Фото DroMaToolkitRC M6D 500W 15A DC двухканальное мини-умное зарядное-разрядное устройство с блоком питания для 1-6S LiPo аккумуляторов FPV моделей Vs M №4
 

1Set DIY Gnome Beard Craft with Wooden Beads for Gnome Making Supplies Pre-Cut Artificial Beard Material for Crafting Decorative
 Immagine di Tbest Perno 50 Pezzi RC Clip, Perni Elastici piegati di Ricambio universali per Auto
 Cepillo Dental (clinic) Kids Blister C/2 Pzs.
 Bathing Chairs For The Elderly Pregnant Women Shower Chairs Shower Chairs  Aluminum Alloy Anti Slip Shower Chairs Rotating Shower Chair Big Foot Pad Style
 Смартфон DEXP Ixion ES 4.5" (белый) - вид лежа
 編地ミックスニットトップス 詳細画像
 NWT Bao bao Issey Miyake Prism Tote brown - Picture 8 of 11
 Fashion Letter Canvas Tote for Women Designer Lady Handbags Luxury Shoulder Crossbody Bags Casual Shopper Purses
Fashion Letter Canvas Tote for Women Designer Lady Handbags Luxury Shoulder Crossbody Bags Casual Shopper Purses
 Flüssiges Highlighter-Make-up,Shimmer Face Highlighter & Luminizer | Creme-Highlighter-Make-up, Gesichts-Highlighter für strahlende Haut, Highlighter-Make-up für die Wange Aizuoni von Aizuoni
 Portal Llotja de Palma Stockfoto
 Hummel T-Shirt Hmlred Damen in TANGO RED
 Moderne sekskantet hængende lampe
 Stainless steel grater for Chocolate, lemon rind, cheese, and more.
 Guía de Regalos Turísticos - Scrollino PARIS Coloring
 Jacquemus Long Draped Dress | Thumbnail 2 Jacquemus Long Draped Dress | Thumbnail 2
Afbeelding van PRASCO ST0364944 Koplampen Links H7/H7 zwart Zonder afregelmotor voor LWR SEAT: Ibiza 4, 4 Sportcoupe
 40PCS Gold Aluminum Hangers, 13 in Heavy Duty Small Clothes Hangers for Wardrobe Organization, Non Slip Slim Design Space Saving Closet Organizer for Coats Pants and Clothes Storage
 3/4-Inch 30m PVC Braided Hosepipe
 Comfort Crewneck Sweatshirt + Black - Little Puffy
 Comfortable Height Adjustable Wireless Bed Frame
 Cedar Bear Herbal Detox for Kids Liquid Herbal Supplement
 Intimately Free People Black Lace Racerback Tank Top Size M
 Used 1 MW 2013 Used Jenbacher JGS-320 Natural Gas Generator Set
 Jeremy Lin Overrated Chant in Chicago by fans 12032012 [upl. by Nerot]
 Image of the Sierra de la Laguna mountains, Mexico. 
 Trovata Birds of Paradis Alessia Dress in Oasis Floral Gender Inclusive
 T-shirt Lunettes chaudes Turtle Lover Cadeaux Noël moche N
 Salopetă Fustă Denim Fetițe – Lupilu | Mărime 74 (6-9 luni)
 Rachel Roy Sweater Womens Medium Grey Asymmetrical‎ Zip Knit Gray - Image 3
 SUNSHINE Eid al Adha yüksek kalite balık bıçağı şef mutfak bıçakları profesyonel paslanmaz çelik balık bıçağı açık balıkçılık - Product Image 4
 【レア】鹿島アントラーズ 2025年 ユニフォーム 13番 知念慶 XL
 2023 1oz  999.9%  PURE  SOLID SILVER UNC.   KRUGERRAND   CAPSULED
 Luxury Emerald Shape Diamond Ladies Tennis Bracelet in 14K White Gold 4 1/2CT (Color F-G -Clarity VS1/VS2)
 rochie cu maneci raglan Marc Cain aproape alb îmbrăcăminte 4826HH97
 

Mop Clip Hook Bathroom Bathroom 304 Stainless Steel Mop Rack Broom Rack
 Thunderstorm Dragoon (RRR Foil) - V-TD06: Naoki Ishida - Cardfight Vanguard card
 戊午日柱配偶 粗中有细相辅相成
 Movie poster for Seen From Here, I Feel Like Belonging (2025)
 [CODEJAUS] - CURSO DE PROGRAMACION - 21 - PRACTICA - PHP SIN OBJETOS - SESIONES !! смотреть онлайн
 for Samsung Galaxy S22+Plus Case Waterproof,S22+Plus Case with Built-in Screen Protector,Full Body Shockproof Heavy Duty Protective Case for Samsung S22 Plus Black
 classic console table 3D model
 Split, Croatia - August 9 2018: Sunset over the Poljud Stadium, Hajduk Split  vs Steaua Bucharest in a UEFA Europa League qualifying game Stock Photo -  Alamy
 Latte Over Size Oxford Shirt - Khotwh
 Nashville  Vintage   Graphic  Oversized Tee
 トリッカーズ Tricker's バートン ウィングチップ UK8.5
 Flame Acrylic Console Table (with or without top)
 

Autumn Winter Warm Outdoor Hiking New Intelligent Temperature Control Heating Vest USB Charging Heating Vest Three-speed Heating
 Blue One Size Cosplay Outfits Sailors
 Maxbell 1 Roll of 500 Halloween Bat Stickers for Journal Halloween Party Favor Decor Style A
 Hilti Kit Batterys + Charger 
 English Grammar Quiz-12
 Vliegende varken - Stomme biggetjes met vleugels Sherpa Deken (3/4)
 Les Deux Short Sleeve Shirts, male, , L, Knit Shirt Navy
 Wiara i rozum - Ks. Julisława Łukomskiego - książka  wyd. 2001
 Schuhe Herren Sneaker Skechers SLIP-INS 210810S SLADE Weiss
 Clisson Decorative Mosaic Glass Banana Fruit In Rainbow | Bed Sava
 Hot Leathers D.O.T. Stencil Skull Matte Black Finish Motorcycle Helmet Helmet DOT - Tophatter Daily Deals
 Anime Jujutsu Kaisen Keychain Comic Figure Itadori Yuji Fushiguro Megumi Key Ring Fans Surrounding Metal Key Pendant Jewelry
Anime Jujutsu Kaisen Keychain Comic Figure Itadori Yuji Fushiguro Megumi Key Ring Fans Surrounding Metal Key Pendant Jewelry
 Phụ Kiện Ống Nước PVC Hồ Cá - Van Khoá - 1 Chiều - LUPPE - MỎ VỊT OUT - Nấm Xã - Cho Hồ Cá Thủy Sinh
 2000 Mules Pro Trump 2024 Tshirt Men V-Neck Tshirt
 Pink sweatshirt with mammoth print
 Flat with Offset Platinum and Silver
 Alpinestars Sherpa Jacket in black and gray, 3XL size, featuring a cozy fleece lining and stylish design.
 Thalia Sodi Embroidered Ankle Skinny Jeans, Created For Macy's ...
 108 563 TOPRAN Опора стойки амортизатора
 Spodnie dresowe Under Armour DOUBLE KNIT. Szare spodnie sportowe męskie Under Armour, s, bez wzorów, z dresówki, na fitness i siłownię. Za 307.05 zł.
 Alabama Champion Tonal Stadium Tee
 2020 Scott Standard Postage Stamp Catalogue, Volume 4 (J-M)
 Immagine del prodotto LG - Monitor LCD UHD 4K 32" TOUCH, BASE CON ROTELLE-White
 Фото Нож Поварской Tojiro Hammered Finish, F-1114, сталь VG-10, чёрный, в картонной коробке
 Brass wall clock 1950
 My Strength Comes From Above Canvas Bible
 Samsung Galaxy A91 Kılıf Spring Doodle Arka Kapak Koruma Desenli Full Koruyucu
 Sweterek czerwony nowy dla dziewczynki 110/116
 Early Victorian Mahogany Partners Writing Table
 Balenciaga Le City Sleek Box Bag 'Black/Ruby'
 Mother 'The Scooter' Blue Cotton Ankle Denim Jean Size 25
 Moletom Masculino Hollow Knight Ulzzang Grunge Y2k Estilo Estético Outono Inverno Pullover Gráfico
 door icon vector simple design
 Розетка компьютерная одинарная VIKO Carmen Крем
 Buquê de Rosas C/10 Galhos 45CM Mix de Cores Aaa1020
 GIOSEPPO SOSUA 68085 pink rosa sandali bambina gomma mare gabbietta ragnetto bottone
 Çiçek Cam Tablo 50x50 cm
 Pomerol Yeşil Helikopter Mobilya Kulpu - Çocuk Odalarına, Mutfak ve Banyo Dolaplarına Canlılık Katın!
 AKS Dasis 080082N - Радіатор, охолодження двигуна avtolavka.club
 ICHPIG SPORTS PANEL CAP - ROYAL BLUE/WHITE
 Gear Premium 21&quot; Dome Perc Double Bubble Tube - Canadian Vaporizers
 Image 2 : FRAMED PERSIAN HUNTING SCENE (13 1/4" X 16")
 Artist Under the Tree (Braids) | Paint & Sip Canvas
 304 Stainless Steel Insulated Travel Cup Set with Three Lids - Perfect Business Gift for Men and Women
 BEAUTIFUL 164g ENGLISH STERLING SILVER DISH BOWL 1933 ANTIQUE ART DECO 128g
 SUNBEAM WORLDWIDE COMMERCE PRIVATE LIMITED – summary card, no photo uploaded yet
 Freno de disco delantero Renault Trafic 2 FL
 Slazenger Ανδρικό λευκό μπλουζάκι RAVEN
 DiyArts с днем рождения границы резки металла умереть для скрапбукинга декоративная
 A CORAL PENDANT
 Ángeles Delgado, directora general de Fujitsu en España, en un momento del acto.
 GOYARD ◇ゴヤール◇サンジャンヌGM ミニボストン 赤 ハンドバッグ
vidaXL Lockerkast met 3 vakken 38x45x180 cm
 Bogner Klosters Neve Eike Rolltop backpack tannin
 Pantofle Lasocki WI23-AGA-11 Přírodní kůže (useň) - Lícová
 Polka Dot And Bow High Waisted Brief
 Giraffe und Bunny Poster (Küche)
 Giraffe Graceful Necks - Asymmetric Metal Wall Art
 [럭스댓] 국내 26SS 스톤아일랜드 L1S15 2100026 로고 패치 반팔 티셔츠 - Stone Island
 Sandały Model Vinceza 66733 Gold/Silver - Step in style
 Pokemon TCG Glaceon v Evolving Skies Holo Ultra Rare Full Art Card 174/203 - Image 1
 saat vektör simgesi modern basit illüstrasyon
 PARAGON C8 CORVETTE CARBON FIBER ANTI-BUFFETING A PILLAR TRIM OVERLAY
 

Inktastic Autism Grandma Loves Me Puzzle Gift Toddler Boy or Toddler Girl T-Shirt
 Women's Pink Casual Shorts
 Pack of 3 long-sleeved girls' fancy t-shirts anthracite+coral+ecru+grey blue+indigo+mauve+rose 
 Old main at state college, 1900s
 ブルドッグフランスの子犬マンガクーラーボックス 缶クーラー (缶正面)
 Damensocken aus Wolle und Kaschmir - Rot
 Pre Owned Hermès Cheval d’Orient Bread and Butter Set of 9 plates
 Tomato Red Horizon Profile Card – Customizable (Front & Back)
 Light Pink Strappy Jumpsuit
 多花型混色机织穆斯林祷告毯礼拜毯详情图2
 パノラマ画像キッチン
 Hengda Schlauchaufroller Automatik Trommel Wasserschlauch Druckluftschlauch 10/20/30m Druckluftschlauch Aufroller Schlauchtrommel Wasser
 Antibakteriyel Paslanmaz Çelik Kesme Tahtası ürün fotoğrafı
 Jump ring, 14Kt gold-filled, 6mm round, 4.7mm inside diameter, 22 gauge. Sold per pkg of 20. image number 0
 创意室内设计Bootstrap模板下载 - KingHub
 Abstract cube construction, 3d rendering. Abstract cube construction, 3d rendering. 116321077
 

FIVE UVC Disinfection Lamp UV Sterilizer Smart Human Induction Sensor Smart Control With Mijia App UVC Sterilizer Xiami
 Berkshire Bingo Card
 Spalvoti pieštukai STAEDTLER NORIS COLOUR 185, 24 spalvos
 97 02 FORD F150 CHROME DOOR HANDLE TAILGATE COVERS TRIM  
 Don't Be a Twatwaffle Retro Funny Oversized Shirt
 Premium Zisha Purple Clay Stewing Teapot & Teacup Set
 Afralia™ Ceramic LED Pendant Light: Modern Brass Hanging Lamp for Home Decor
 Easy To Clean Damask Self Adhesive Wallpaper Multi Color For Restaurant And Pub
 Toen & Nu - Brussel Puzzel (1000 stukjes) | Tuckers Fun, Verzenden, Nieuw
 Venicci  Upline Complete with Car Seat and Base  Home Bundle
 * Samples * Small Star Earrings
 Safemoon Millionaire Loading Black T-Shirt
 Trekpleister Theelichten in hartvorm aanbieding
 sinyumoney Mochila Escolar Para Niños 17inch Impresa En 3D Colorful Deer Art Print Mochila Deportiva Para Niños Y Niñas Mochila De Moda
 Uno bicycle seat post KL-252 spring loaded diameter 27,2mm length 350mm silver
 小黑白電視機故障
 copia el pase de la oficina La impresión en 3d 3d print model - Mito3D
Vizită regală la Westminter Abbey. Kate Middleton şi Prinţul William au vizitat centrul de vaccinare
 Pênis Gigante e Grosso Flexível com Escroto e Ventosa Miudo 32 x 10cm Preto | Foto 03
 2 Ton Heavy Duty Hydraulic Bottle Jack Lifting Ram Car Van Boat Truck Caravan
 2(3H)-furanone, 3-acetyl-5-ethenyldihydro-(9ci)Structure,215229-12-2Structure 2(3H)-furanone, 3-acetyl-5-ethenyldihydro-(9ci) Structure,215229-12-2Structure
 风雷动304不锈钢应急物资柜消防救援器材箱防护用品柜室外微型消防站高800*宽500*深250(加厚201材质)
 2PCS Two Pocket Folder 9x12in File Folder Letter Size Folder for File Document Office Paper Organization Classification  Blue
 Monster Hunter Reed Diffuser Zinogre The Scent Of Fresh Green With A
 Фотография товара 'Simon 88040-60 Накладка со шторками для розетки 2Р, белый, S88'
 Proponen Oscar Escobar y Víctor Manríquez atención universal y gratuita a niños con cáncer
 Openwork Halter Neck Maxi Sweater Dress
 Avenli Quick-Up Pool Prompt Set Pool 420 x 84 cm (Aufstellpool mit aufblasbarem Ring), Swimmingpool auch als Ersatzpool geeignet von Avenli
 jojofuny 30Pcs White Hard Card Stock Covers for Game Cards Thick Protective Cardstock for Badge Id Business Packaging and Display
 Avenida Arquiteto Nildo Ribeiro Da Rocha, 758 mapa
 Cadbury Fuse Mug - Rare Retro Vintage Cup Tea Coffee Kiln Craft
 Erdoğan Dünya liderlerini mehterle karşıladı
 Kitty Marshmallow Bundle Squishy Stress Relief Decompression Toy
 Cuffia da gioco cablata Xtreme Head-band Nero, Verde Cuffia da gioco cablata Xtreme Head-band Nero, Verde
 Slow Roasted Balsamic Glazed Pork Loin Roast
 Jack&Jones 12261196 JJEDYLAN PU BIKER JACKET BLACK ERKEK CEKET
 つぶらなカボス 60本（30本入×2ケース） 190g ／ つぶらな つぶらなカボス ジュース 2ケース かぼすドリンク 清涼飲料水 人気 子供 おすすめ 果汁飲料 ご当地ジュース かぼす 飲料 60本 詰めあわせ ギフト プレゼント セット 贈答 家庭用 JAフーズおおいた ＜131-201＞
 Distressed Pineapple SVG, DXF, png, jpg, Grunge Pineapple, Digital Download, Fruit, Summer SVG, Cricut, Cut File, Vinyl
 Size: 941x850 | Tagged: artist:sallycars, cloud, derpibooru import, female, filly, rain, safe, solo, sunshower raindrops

----

For the word "Surrounding", say how many lines of the records above contain it. Reply with the number alone.

▸ **COMPLETED EXERCISE**: 2